Não sei se é devido à contenção da criminalidade ou se é falta de interesse mesmo, mas sentar em locais públicos em São Paulo é quase impossível. Não há bancos. Se há, são raros. Tudo bem que as calçadas estão sob a jurisdição dos moradores, mas o fato de não haver bancos ao longo de passeios públicos revela que o pedestre não tem vez. Você pode jogar sua garrafinha d’água nas lixeiras públicas, mas não tem onde sentar-se para bebê-la. Tenho o costume de dar uma caminhada pelo bairro com meu pequeno, mas sempre tenho que levar algum trocado para, caso queira sentar, comprar algo em algum café e, assim, ter o direito a um banco. Banheiro e fraldário públicos, nem pensar.

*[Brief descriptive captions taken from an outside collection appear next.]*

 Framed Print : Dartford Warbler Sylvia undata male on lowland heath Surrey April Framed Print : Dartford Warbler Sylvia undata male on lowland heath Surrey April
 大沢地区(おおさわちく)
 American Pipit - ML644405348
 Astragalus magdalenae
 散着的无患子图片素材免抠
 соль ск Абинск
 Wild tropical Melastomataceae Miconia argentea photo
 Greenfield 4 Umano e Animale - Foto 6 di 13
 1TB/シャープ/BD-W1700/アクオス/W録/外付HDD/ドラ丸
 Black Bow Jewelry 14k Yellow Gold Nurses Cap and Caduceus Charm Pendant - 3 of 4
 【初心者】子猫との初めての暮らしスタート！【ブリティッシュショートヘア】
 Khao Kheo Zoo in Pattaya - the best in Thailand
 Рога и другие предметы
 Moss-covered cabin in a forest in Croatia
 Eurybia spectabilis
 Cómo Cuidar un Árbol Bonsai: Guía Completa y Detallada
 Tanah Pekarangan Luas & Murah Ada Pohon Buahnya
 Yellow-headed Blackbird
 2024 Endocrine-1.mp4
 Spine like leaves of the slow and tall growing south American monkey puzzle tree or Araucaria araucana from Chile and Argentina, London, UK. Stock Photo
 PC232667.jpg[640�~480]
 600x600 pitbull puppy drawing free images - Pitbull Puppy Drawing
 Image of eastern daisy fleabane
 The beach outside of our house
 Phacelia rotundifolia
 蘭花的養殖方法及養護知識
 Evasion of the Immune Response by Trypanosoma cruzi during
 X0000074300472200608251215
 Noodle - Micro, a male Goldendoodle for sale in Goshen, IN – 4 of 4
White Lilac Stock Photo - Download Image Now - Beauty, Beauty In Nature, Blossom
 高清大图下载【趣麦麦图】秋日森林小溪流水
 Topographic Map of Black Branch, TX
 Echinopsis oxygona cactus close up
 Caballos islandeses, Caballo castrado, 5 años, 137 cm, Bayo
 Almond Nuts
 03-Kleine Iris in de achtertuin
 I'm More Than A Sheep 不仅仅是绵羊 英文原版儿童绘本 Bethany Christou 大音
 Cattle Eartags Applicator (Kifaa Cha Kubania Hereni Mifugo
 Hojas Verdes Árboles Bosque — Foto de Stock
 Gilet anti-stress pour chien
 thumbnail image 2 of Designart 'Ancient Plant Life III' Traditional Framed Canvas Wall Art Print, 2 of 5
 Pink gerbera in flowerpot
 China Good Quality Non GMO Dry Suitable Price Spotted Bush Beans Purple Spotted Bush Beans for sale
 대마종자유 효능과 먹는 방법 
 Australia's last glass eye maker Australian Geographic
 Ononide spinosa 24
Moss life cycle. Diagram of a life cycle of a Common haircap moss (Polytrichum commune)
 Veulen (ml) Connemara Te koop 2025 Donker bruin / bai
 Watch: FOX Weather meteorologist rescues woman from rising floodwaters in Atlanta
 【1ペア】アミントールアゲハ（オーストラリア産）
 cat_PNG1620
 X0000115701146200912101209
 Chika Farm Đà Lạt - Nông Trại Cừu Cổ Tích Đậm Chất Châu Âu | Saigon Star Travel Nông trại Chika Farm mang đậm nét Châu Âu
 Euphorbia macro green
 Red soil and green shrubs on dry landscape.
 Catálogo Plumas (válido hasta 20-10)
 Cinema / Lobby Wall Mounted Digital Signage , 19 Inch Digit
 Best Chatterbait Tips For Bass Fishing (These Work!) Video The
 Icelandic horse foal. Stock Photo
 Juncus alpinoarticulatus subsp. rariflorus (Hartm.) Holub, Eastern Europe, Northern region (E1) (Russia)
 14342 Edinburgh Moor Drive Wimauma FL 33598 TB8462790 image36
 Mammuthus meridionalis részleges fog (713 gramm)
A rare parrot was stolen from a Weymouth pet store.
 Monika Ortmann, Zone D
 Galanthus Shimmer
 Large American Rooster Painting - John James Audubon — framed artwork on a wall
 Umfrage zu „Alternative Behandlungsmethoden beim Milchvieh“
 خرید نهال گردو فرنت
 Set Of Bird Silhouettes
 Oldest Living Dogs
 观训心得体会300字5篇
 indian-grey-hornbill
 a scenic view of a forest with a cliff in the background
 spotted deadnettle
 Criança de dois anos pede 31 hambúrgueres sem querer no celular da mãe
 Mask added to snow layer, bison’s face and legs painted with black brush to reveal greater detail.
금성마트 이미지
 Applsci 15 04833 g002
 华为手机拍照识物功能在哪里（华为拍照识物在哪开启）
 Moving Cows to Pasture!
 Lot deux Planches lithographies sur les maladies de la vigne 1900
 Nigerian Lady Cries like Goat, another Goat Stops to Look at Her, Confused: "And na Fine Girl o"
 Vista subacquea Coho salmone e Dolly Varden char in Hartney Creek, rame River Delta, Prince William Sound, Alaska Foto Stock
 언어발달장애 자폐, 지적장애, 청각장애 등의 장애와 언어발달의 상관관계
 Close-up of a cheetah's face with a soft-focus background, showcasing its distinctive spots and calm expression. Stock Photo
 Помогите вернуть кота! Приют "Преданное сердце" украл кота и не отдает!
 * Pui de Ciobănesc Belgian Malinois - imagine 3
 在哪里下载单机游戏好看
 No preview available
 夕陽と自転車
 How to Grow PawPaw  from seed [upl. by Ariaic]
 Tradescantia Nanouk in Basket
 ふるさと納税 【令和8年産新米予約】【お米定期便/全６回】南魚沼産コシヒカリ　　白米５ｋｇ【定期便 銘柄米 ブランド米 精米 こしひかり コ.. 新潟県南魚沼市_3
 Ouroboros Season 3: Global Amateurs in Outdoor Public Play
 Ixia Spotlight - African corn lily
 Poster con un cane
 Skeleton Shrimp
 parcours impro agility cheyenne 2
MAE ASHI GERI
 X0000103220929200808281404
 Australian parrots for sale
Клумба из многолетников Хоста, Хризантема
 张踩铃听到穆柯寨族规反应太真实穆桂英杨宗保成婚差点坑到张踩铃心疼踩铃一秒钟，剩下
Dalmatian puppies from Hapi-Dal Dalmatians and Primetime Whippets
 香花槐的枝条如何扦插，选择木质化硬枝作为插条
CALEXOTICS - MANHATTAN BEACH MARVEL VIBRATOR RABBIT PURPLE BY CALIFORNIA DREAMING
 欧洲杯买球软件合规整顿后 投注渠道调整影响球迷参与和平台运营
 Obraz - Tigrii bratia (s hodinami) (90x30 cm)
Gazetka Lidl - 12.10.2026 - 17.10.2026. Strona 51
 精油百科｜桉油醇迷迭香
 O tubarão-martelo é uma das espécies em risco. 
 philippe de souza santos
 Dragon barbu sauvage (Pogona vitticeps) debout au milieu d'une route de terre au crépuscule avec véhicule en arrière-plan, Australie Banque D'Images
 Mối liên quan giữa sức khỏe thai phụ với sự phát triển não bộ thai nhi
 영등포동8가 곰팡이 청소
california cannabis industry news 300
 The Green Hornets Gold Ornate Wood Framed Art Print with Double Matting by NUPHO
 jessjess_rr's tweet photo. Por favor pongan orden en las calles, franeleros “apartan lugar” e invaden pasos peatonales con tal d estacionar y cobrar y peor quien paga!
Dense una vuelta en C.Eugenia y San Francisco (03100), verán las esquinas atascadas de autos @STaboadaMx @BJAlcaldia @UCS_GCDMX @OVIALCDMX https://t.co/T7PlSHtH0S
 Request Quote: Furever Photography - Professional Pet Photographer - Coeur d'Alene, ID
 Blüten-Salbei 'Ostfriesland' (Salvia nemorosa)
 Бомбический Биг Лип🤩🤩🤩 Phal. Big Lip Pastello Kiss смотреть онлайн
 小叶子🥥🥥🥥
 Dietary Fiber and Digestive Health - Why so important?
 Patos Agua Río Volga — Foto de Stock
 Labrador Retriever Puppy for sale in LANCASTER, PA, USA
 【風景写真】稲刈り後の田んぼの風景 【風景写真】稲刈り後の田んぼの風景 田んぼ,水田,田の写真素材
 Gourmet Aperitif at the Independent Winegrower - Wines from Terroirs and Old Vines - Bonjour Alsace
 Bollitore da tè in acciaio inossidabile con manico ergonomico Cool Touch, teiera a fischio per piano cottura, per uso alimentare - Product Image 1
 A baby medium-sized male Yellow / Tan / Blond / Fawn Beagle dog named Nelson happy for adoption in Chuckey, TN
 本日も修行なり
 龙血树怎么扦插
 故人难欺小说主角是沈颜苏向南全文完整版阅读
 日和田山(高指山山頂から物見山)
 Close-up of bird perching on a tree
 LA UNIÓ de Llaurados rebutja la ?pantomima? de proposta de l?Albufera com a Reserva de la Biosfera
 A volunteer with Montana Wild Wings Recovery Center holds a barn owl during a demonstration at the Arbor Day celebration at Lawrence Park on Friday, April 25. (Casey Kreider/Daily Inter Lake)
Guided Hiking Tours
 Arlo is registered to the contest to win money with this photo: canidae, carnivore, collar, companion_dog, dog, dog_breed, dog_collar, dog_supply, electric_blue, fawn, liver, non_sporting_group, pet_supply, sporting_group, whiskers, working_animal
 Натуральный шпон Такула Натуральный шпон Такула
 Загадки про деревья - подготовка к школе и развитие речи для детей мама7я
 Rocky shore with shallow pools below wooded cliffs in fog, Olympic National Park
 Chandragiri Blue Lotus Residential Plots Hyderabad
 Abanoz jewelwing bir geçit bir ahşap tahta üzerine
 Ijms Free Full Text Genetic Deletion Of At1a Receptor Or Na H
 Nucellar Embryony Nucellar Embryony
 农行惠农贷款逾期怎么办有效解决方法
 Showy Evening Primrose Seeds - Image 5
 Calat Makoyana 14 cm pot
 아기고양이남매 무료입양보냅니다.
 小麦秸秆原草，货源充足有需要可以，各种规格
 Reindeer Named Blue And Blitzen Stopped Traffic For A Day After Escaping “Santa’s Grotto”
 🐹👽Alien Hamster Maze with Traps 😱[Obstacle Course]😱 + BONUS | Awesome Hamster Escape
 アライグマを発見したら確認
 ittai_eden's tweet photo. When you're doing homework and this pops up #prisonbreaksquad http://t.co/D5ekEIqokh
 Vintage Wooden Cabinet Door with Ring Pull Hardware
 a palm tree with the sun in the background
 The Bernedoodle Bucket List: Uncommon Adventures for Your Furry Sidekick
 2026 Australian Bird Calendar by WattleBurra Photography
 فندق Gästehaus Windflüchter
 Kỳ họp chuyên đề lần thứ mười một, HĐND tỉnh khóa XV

Passear ao ar livre e parar para um lanchinho caseiro ou simplesmente para ver a vida passar, só se for no parque. Nossa espontaneidade ficou limitada, e nossas caminhadas também. Os códigos sociais inscritos nas formas materiais, ou na ausência dessas formas, acabam por excluir quem se aventura a sair de casa sem carro ou sem dinheiro. Se William Whyte está certo ao afirmar que a qualidade de qualquer ambiente urbano pode ser medida, em primeiro lugar, pelo fato de haver ou não lugares convenientes e confortáveis para os pedestres sentarem, temos um problema. Não é novidade que estamos vivendo em uma sociedade motorizada, e isso tem impacto direto na nossa maneira de sentir e avaliar o mundo em que vivemos. Sim, porque nossa visão de mundo depende do que vivenciamos durante as 24 horas do dia.
Voltando aos bancos de abrigos de ônibus: são 4 novos modelos a serem instalados pela capital. Testei o modelo Caos Estruturado (os demais chamam-se High-Tech, Minimalista e Brutalista). Experimentei sentar e deitar no banco de um deles nas imediações do parque Ibirapuera. Tenho sorte de não necessitá-lo como cama, mas achei-o mais confortável do que os que compõem os abrigos londrinos. Apesar de meu teste ter sido feito em um entardecer ameno de abril, creio se tratar de um abrigo que não abriga: nem da chuva, nem do sol, nem do vento… Mas talvez sirva para acomodar mãe e filho em um eventual lanchinho da tarde. Fazer o quê… quem não tem cão, caça com gato. Com certeza o novo abrigo é símbolo do progresso. Se o banco é bum proof? Faz o teste e me conta.